If you think Barbara Boxer's right about Gen. Romney's war on woman, feel free to waste your vote. But what else is likely to happen between now and the next time you cast a presidential ballot? We've rehearsed the fiscal stuff in this space before: China becoming the world's biggest economy, another American downgrade, total U.S. liabilities equivalent to about three times the entire planet's GDP. A "nonpartisan" Pew Research study says the American middle class faces its "worst decade in modern history" – and the first bump down starts Jan. 1: The equally "nonpartisan" Congressional Budget Office now says that the tax and budget changes due to take effect at the beginning of 2013 will put the country back in recession and increase unemployment. This is a revision of their prediction earlier this year that in 2013 the economy would contract by 1.3 percent. Now they say 2.9 percent. These days, CBO revisions only go one way – down. They're gonna need steeper graph paper. In a global economy, atrophy goes around like syphilis in the Gay Nineties: A moribund U.S. economy further mires Europe, and both slow growth in China, which means fewer orders for resource-rich nations ... Four wheels spinning in the mud, and none with a firm enough grip to pull the vehicle back on to solid ground.

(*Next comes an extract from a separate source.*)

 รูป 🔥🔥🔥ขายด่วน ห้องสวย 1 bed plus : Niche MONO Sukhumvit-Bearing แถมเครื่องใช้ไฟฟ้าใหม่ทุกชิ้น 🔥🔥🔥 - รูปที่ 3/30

Oh, well, it was like that in the Thirties, and, then, as the ever-optimistic Paul Krugman likes to trill, the Second World War came along to stimulate the economy. Given that in Afghanistan the U.S. and its allies have just taken 11 years to lose to goatherds with fertilizer, I'm not sure I'd want to bet on the global-conflagration chips falling our way next time round.

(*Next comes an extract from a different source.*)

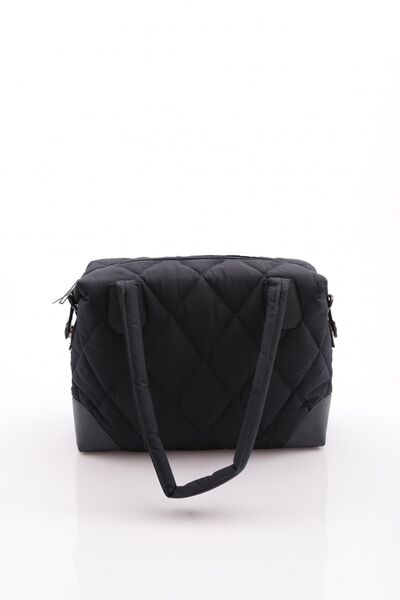 DGN Navy Blue Women's Bag - Zippered 11282334335102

But don't worry, Obamacare will "lower costs." Since passage of the bill in 2010, the CBO has revised its estimate of Obamacare's gross costs over 10 years. Can you guess in which direction, boys and girls? Yes, up from $944 billion to $1.856 trillion. That's some "revision." I wonder where it'll be in another two years.

Well, I'm not the CBO, but I'll take a wild guess: Obamacare is going to be expensive on a scale unknown to European health systems. Look around you. Americans are not Swedes. Obesity rate in the United States: 36 percent; Sweden: 9.7 percent; Japan: 3.2 percent; China: 2.9 percent; India: 0.7 percent. Ours is a country where 78 million people (or about the entire population of Germany) are classified by the Centers for Disease Control as "obese" – including over 40 million women. If 40 million women have it, isn't that a "women's health" issue? Perhaps even a bigger "women's health" issue than the right of thirtysomething students to free contraception? It's the first thing the average American of, say, 1950 would notice if you catapulted him forward from his midcentury Main Street to today: not how amazing all these computer gizmos are, but how large and sick today's Americans look.

As George Will pointed out this week, nanny-state solutions (such as Michelle Obama's current campaign to get us all nibbling organic endives) don't work: Overweight kids in schools with high-calorie junk food, 35.5 percent; overweight kids in schools that banned all the bad stuff, 34.8 percent. Indeed, the bloating of government, of entitlements, of debt, and the increase in obesity track each other pretty closely over the past four decades. If all those debt graphs showing how we've looted our future to bribe the present are too complicated for you, look out the window: We are our own walking (or waddling) metaphor for consumption unmoored from production. And, to the Chinese and many others around the world pondering whether America has the self-discipline to get its house in order, a trip to the mall provides its own answer.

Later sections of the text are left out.